» TASK TO COMPLETE:
These records contain pictures, which must be left out; copy exactly the lines from the one with "1744 Walnut Circle Northbrook IL 60062" up to and including the one with "Load image into".

» RECORDS SUPPLIED:
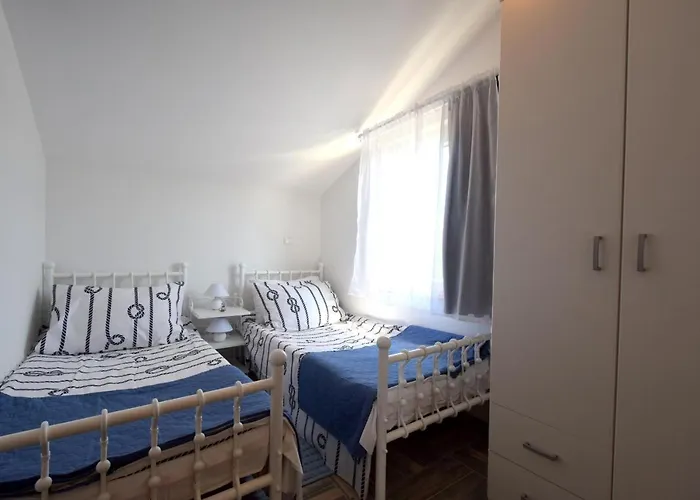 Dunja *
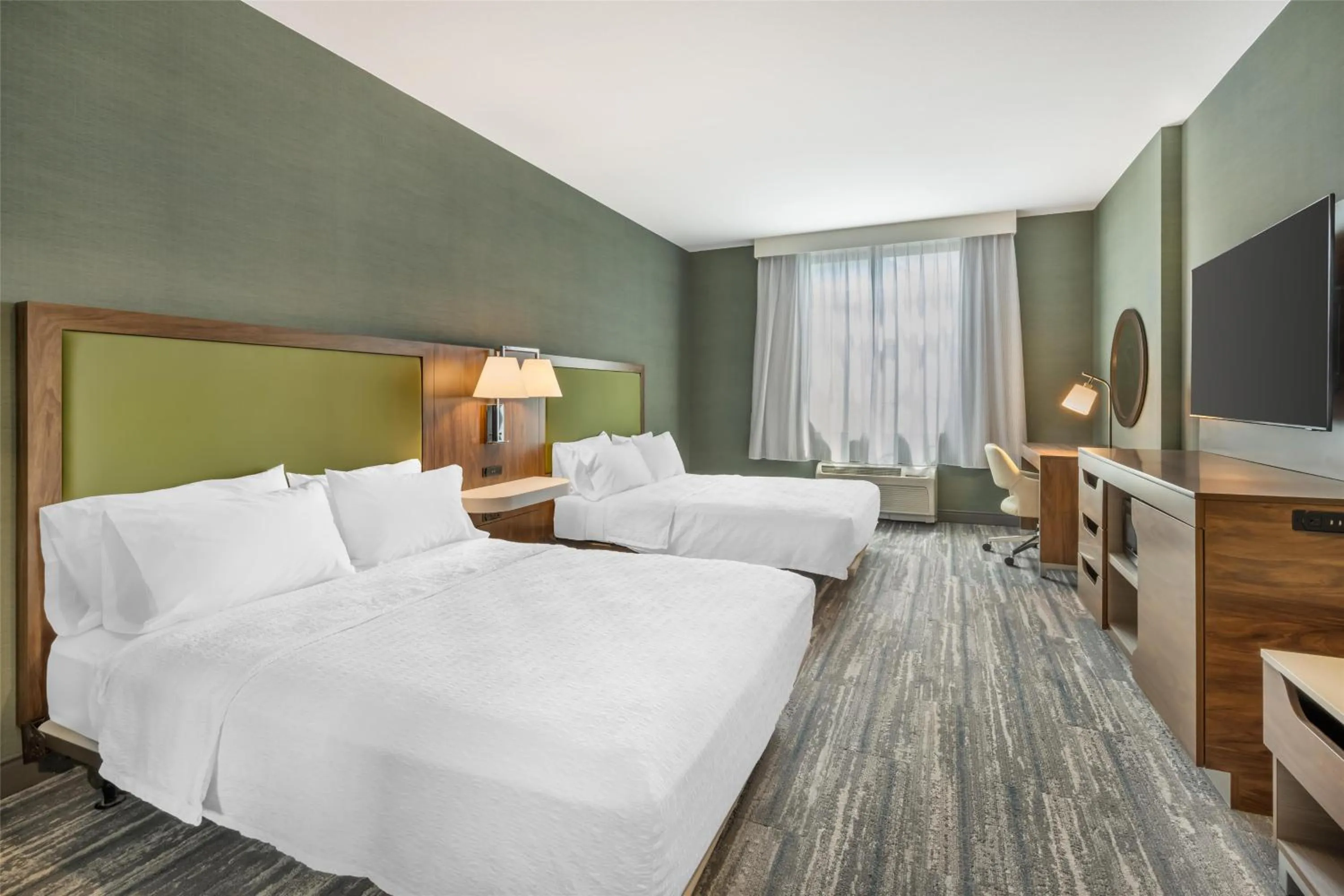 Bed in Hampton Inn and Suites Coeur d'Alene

...

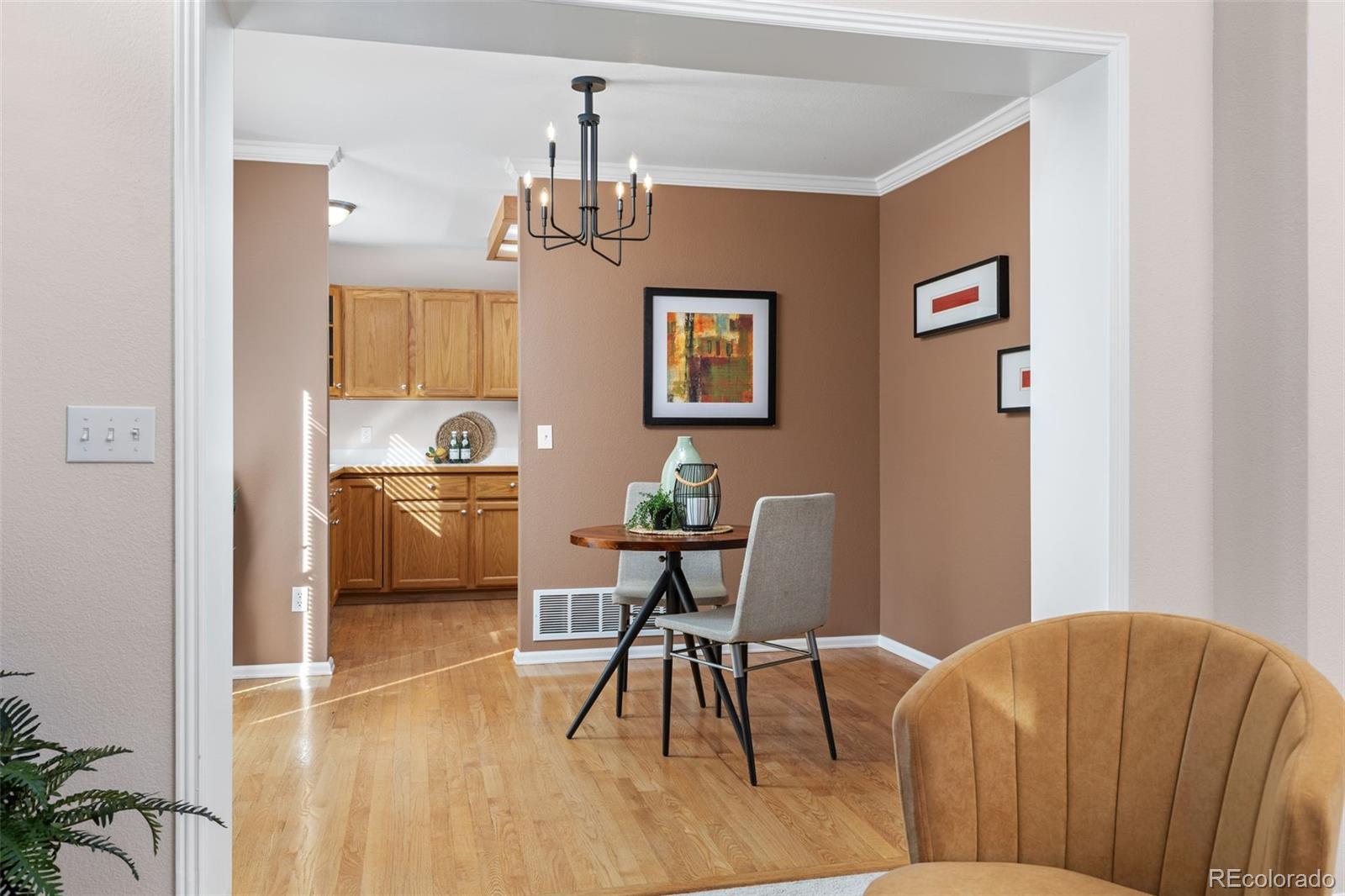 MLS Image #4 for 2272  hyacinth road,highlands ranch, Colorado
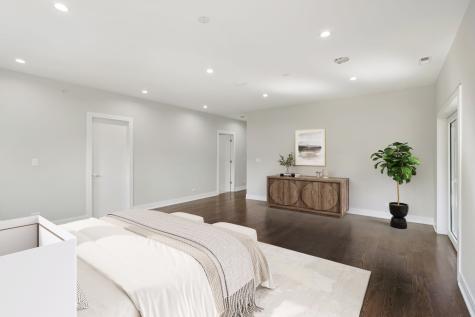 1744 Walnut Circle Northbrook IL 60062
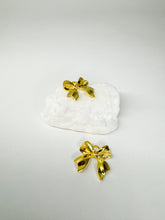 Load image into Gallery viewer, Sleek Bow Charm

--

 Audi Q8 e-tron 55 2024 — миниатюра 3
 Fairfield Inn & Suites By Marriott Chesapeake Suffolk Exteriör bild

» TASK ANSWER:
 1744 Walnut Circle Northbrook IL 60062
 Load image into Gallery viewer, Sleek Bow Charm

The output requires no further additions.